Problem to solve
Word for word, transcribe the data below from the line with "A Royal Doulton" to the line with "A clean, empty", keeping both of those lines.

Task inputs
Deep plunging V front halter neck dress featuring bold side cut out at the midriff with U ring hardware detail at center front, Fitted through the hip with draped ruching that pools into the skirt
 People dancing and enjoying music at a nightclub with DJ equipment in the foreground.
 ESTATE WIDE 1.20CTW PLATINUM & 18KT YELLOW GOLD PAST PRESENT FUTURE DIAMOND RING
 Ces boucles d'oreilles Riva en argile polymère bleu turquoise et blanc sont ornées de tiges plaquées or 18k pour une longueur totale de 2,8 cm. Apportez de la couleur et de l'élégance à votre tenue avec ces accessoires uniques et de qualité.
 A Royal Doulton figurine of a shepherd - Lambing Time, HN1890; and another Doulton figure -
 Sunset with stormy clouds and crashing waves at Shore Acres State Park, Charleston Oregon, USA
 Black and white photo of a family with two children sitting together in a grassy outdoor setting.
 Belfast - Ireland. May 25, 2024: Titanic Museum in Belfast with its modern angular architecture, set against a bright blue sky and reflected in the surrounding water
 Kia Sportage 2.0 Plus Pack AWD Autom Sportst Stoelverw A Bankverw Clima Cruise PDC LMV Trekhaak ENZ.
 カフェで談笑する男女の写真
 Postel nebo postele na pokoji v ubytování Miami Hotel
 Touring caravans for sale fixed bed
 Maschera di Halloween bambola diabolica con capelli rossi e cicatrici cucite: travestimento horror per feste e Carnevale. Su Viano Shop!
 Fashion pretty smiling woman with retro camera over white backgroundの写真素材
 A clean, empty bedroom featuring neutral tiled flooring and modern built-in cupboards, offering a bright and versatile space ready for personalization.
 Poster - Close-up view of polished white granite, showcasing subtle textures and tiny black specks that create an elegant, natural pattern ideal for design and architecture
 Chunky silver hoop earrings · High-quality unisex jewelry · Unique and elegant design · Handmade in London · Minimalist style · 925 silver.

Solution for this problem
 A Royal Doulton figurine of a shepherd - Lambing Time, HN1890; and another Doulton figure -
 Sunset with stormy clouds and crashing waves at Shore Acres State Park, Charleston Oregon, USA
 Black and white photo of a family with two children sitting together in a grassy outdoor setting.
 Belfast - Ireland. May 25, 2024: Titanic Museum in Belfast with its modern angular architecture, set against a bright blue sky and reflected in the surrounding water
 Kia Sportage 2.0 Plus Pack AWD Autom Sportst Stoelverw A Bankverw Clima Cruise PDC LMV Trekhaak ENZ.
 カフェで談笑する男女の写真
 Postel nebo postele na pokoji v ubytování Miami Hotel
 Touring caravans for sale fixed bed
 Maschera di Halloween bambola diabolica con capelli rossi e cicatrici cucite: travestimento horror per feste e Carnevale. Su Viano Shop!
 Fashion pretty smiling woman with retro camera over white backgroundの写真素材
 A clean, empty bedroom featuring neutral tiled flooring and modern built-in cupboards, offering a bright and versatile space ready for personalization.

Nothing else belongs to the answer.